━━━━━ Listed entries

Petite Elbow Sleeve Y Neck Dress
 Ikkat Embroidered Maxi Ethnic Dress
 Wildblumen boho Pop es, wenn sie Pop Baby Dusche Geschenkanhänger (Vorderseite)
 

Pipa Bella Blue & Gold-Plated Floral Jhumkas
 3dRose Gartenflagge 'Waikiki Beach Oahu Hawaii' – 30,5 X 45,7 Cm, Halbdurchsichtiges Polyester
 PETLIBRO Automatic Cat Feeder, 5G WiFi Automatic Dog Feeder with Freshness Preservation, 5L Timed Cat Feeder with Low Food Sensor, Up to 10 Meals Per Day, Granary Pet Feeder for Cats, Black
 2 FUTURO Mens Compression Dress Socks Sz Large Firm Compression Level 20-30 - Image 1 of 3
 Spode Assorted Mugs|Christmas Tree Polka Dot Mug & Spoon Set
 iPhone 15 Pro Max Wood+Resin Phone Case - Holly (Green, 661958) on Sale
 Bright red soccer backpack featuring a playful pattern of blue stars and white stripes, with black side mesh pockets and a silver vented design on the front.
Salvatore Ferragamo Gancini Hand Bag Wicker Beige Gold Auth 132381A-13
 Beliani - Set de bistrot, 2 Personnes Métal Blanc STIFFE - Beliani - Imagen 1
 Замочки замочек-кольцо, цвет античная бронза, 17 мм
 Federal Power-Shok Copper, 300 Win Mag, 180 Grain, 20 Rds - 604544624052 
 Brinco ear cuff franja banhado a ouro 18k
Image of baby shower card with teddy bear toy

━━━━━━━━━━

Copy out the lines from the line containing "Beliani - Set" to the end of the listing above, without alteration.

◆ Task answer:
 Beliani - Set de bistrot, 2 Personnes Métal Blanc STIFFE - Beliani - Imagen 1
 Замочки замочек-кольцо, цвет античная бронза, 17 мм
 Federal Power-Shok Copper, 300 Win Mag, 180 Grain, 20 Rds - 604544624052 
 Brinco ear cuff franja banhado a ouro 18k
Image of baby shower card with teddy bear toy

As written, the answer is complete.